-- Instructions for the task --
Scan the records below for lines with the word "button", then state how many you find and nothing else.
Segment Start: Given data
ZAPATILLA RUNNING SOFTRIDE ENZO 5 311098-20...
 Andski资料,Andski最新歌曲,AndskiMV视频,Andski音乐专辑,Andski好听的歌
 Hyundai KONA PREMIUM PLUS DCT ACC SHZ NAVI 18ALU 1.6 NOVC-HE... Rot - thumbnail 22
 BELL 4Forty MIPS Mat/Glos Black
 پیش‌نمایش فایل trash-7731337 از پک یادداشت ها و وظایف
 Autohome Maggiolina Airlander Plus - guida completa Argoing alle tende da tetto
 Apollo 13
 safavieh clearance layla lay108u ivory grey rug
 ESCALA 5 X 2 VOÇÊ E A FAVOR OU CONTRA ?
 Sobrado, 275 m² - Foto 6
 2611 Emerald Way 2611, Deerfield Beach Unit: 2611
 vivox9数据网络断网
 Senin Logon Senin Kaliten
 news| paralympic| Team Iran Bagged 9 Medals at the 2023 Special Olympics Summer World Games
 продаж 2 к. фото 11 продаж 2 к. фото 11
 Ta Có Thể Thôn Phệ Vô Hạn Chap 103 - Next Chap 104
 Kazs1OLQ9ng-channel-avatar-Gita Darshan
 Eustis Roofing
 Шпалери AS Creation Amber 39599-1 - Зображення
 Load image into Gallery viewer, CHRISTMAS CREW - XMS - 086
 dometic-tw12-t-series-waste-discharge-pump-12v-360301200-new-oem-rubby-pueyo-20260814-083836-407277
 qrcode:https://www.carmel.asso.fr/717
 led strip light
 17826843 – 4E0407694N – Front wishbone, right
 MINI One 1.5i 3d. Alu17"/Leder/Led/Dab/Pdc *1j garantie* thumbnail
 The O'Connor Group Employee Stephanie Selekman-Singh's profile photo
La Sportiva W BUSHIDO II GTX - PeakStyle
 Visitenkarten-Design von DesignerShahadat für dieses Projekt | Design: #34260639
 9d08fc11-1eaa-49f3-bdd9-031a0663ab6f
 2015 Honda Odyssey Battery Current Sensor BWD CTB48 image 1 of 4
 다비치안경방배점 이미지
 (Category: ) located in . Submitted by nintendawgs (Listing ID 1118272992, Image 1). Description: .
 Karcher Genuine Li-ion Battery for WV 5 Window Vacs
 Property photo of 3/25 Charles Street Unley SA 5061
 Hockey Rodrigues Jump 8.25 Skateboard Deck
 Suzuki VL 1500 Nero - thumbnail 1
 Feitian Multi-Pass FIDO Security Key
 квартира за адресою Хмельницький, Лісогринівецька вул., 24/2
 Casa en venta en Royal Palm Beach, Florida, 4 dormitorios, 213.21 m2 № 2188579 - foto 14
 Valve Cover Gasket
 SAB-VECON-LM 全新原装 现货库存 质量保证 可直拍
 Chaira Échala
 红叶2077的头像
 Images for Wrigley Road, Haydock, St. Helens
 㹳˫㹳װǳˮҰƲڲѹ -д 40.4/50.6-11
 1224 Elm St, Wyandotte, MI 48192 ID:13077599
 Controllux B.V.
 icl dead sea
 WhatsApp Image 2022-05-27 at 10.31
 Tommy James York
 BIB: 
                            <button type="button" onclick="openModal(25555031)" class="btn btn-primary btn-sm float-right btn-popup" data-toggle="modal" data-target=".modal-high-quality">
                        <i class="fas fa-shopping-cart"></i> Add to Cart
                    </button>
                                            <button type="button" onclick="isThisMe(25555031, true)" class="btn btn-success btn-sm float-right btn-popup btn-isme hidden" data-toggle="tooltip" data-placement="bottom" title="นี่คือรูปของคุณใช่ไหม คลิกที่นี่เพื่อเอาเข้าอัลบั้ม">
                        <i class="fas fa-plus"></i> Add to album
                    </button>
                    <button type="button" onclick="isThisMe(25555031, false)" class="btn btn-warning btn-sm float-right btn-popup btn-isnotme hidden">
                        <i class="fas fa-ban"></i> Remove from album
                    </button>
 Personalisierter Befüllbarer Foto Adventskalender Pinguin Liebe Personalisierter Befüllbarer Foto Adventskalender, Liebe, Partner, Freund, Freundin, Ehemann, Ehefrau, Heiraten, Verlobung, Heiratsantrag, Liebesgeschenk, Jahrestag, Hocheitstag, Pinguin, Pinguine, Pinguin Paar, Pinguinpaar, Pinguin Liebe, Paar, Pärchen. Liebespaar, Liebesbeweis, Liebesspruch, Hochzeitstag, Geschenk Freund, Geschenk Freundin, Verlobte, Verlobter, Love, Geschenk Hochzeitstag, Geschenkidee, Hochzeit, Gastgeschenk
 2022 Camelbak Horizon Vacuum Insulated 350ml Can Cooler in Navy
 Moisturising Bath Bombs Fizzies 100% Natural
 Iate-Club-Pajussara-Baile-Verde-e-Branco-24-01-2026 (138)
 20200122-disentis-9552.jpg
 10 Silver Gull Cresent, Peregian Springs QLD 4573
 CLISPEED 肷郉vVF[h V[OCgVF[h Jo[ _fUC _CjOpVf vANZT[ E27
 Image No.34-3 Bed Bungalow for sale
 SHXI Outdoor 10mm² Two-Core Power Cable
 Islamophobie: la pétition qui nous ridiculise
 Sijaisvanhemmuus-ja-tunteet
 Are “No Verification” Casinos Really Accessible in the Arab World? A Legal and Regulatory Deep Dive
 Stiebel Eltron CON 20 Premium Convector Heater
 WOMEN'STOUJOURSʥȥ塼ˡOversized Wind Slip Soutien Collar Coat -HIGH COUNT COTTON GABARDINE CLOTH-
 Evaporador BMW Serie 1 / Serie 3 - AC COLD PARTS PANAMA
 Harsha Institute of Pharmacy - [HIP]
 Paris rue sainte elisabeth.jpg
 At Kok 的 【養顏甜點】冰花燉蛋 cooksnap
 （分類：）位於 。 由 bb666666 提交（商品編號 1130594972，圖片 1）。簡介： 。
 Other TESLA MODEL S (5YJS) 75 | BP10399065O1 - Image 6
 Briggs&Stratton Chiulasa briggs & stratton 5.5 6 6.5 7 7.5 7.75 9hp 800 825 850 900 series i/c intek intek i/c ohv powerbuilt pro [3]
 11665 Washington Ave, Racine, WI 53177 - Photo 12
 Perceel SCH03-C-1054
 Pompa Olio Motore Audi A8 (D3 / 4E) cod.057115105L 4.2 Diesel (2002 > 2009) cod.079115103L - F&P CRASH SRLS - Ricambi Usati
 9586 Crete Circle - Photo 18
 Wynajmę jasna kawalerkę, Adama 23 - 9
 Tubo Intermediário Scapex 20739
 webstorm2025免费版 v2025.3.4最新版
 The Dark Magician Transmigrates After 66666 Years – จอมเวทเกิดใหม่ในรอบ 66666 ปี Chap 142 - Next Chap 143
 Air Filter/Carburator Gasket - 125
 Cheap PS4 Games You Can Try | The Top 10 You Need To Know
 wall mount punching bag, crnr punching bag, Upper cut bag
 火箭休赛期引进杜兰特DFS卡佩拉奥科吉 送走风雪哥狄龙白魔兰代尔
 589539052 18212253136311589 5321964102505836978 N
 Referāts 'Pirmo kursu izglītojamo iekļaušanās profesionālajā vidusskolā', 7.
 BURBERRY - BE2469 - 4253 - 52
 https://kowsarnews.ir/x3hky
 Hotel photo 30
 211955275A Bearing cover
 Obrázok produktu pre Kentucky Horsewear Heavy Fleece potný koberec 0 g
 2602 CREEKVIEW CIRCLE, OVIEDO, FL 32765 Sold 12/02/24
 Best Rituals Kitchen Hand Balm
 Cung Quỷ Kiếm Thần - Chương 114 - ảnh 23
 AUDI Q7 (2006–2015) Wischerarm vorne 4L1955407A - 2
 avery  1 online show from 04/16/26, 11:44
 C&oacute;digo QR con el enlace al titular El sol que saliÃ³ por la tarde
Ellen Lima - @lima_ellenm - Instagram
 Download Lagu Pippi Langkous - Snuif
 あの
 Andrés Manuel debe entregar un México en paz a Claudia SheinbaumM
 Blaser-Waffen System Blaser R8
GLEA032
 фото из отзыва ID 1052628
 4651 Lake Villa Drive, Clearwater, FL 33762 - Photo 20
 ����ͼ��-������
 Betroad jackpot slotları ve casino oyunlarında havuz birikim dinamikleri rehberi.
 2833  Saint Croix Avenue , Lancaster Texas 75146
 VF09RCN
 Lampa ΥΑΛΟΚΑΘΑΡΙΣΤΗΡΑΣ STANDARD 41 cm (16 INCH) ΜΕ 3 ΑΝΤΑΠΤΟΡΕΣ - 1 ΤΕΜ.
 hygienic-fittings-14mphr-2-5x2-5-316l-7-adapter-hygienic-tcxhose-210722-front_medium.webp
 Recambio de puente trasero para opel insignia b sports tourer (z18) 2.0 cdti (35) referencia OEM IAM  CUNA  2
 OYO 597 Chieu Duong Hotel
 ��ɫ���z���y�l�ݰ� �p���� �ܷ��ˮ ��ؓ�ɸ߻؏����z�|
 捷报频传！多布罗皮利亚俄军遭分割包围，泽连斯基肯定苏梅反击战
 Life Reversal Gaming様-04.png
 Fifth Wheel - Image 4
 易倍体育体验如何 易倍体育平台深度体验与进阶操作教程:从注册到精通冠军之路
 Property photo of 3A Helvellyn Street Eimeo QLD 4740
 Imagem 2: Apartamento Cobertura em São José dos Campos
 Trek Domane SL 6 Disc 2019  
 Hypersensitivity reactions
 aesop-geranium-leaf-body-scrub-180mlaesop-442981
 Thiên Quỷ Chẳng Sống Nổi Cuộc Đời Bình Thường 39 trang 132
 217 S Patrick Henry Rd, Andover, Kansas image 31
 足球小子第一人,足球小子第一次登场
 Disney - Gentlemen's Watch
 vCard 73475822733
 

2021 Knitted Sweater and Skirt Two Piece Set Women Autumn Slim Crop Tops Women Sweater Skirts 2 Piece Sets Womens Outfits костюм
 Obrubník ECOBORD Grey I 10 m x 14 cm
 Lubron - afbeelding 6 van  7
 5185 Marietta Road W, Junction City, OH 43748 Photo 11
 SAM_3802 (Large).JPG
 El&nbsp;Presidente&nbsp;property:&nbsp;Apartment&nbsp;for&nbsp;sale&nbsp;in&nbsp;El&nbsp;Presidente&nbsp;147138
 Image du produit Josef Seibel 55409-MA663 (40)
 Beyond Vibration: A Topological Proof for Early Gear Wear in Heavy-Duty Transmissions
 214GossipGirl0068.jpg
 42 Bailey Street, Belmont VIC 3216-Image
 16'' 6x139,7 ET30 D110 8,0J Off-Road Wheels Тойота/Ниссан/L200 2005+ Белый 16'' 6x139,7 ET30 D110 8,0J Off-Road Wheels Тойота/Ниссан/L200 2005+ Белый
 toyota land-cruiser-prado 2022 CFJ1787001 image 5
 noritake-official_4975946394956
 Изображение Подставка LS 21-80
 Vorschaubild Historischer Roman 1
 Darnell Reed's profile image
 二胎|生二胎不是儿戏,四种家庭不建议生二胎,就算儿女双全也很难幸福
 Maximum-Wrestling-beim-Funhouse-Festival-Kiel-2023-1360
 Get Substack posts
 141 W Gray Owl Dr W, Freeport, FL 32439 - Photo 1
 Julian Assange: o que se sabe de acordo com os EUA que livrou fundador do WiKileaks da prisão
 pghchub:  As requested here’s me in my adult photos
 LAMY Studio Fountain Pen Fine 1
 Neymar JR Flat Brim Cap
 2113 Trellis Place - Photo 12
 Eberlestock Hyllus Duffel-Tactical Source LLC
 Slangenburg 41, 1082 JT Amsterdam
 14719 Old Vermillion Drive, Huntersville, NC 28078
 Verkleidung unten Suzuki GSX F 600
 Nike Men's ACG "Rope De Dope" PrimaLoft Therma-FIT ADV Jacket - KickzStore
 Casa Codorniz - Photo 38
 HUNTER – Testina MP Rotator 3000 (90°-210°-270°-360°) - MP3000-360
Segment End: Given data
-- Output of the exercise --
6